As U.S. Steps Up War Preparations Against China NATO Extends Its Reach to Asia Pacific
- Steve Rutchinski and Philip
Fernandez -
The largest naval war exercise in a generation is being prepared by the
U.S. for later this summer. It is simply called Large Scale Exercise
2021 and will span both
the European and Asia Pacific fields of operations. It will deploy
about 25,000 U.S., NATO and Pacific Region personnel; aircraft
carriers, submarines, aircraft and unmanned vessels, with
the U.S. Marines commanding the Asia Pacific operations. To say that
the political leaders gathered for the NATO Summit on June 14 are
preparing for world war, is not to overstate the seriousness of the
situation. Australia, Japan, the Republic of Korea
(ROK) and New Zealand have
been "NATO partners" for some time now and participated for the first
time in a NATO Foreign Ministerial
Meeting in December 2020. Global expansion of NATO's field of
operations is a key element of the NATO 2030 agenda, not only into the
Asia Pacific Region, but Africa and Latin
America as well. The U.S. is driving this agenda
but other NATO powers have their own
interest in expanding into the Asia Pacific region, and are doing so
both independently and in concert with other
NATO member states. Of course it is all presented in the name of high
ideals, of "human rights," upholding a "rules-based international
order," the "rule of law" and so forth. In truth, it is
about the liberal democracies that are part of the imperialist system
of states, along with U.S. imperialism as the "indispensable" power,
keeping the world, China and Russia in particular,
subservient to U.S. dictate and so-called western interests. The
NATO Association of Canada (NAOC, part of NATO's political wing) put it
quite shamelessly in a recent article. It wrote: "President Biden
asserts that competition with China is
an imperative step for democracy, the rule of law and the rules-based
economic system to remain fundamentally for global stability and peace.

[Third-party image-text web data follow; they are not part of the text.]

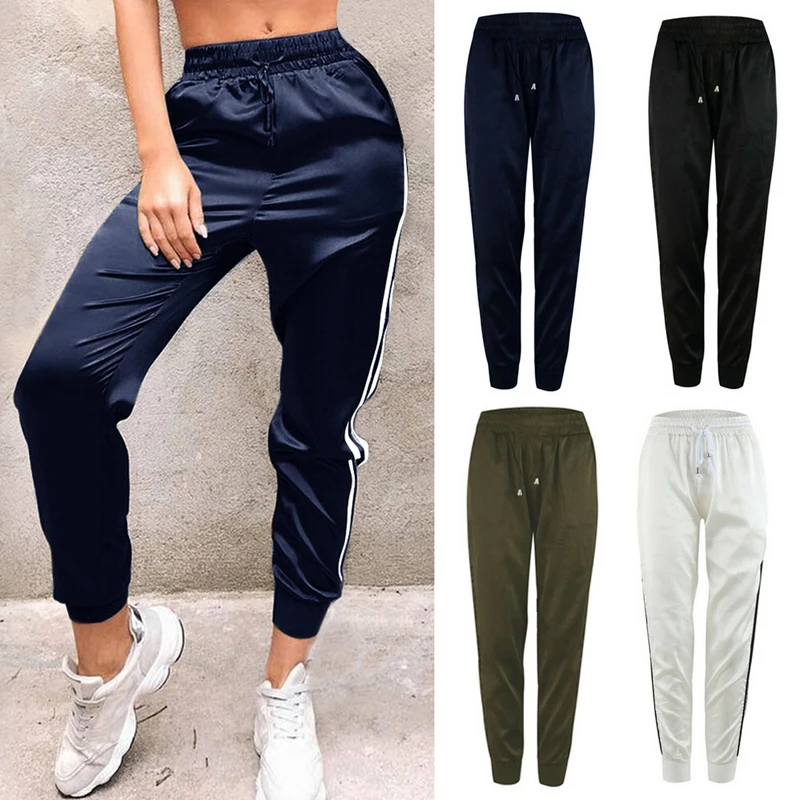 

Casual Women Sport Pants Elastic Waist Loose Drawstring Pencil Pantalon Femme Striped Gym Trousers Stretch Stretch Joggers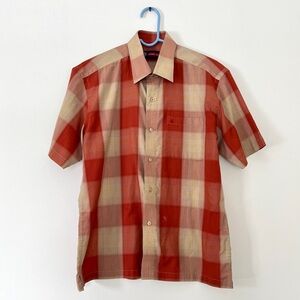 Vintage DH Short Shirt | Plaid Short Sleeve Button Down | Orange/Tan | Size 40cm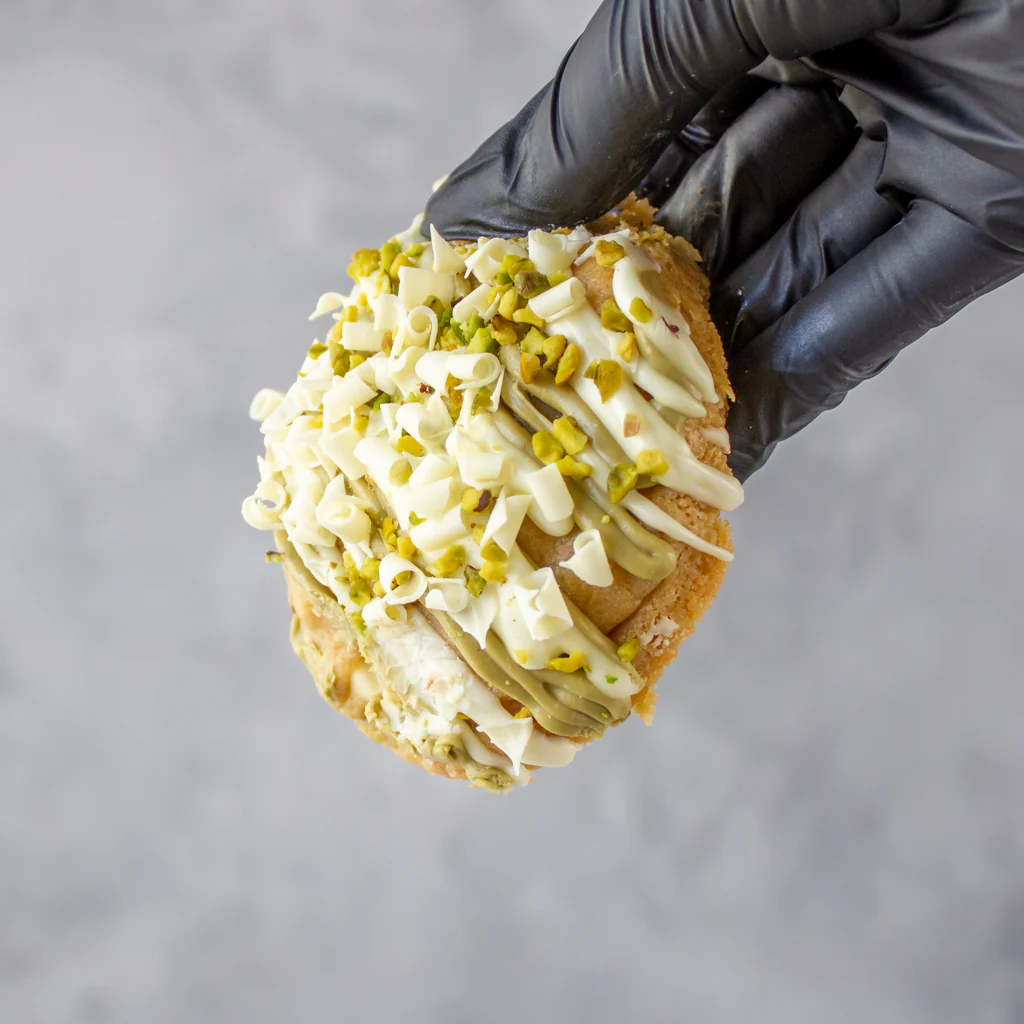 Pistachio & White Chocolate Stuffed Deluxe Cookie - Image 9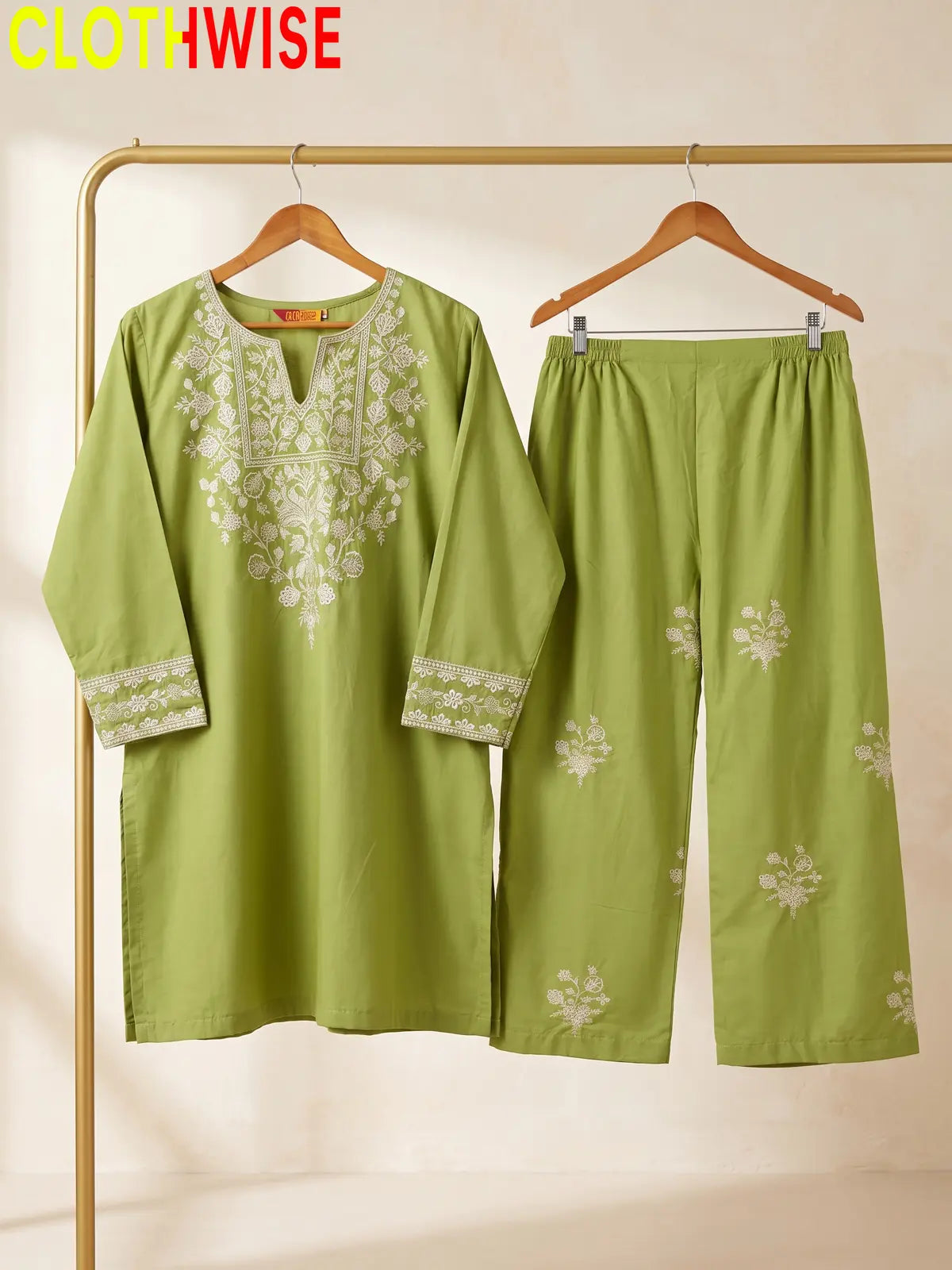 Ebony – Embroidered Cotton Kurta with Embroidered Wide-Leg Palazzo | 2Pc Suit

Nevertheless, the U.S.'s strategy also
accommodates American hubris in clinging to their remaining hegemonic
prestige in the Indo-Pacific and globally." NAOC
went on to point out that the UK has also been strengthening
its security arrangements with Japan, Brunei and the former colonial
states in Southeast Asia and the
Western-Pacific, while France is using its overseas territories
(Mayotte, La Réunion, New Caledonia and French Polynesia) to
claim
legitimacy for expanding its military presence, territorial
and sovereignty claims in the Indo-Pacific. No
sooner was President Biden inaugurated than he began
stepping up U.S. war preparations against China. The first
international trips
by Biden Cabinet officials saw Secretary of State
Antony Blinken and Secretary of Defense Lloyd Austin travel to Japan
and south Korea in March as part of an anti-China tour which culminated
in the Alaska Summit with senior
government officials of the People's Republic of China. The
tour was preceded by a virtual meeting on March 12 of heads of
state of the Quadrilateral Security Dialogue (QSD -- known as the Quad)

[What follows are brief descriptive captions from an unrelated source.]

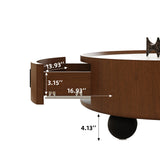Round Solid Wood Coffee Table with Storage Bouguer Walnut/Brown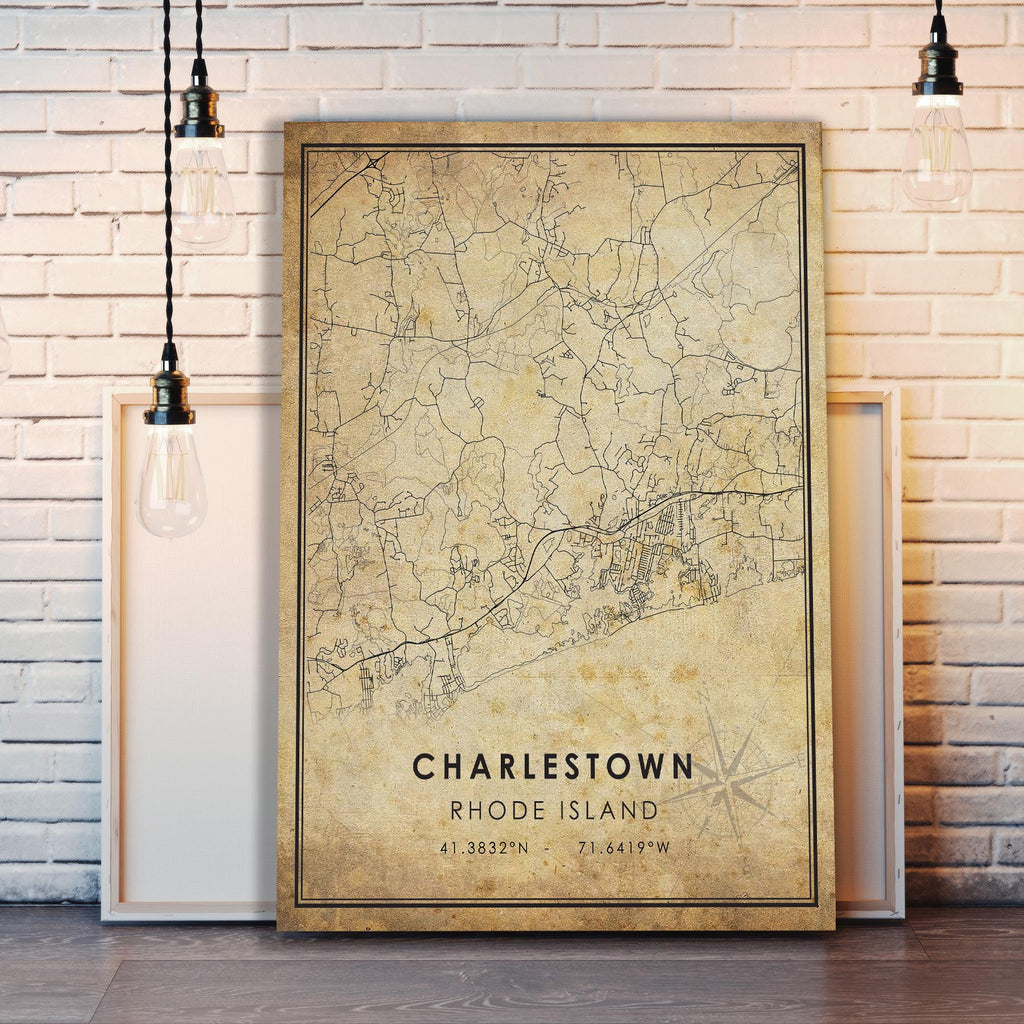 Charlestown, Rhode Island Vintage Style Map Print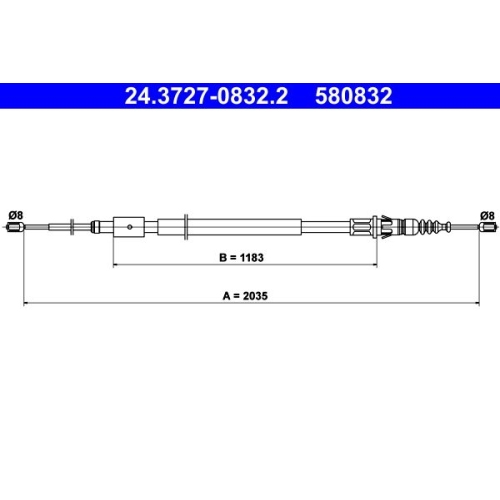 Seilzug, Feststellbremse ATE 24.3727-0832.2 für CITROËN PEUGEOT, hinten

comprised of the U.S. India, Australia
and Japan, where Biden secured a renewed commitment to "the Spirit of
the Quad." To date it has been an informal alliance, initiated in 2007;
however, when Mike Pompeo was Secretary
of State he met with members of the Quad to push converting it into "an
Asian NATO" with "shared security and geopolitical goals." Secretary
of State Blinken made it very clear on the outset of this
tour in March just exactly what the U.S. means by preserving a
"rules-based international order." Blinken said "China
is the only country with the economic, diplomatic, military and
technological power to seriously challenge the stable and open
international system -- all the rules, values and relations that
make the world work the way we want it to." (Emphasis
added.) In Japan on March 16, Blinken and
Austin emphasized that the U.S.
and Japan will work together to counter China's destabilizing efforts.

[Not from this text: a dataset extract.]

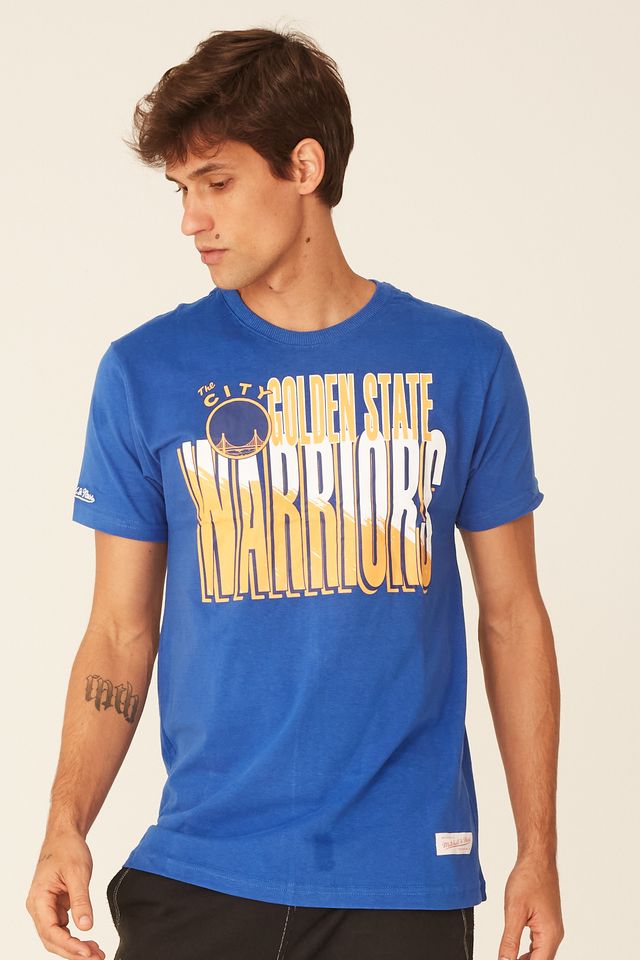 Camiseta-Mitchell---Ness-Estampada-Scribble-Fill-Golden-State-Warriors-Azul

China, they said, uses coercion and aggression
against Hong Kong and Taiwan; abuses human rights in Xinjiang and
Tibet, and asserts maritime claims in the South China Sea that violate
international law. Japan stepped up to the plate
and reiterated the U.S. claims against "China's aggressive actions in
the Taiwan Strait" and territorial claims in the South China Sea.
The statements issued following their stopover in the ROK were
less
strident, on the ROK's part at least, but clever wording by the ROK to
sidestep direct interference in China's affairs did
not escape China's attention. At the Alaska Summit
-- that included the participation of Yang
Jiechi, a member of the Political Bureau of the Communist Party of
China's Central Committee and director of the
Central Leading Group for Foreign Affairs, and China's Foreign Minister
Wang Yi -- Blinken and Austin staged a media performance of confronting
and lecturing China. The Atlantic
Council, a think tank that is also part of NATO's political wing,
hailed the performance as a vital step of the Biden Administration for
making China realize the United States is "dealing
from a position of strength." The Chinese officials
however responded that "in front of the
Chinese side, the U.S. is not qualified to speak to China from a
position of strength." Foreign Minister Wang said, "the old
habit of U.S. hegemonic behaviour of willfully interfering in China's
internal affairs must be changed." Chinese media described the Alaska
Summit as "an unprecedented open face-to-face
confrontation between China and the U.S." that will "very likely be
given great importance in history." Biden's
"diplomacy" efforts in March were immediately followed by
numerous military exercises in the region. Navies of the Quad countries
joined for the first time in a three-day
exercise called La Pérouse, April 5-7,
spearheaded by the
French Navy. This exercise was described with more of the same language
about demonstrating "shared values with
friendly navies ensuring freedom of seas and commitment to an open,
inclusive Indo-Pacific and a rules-based international order."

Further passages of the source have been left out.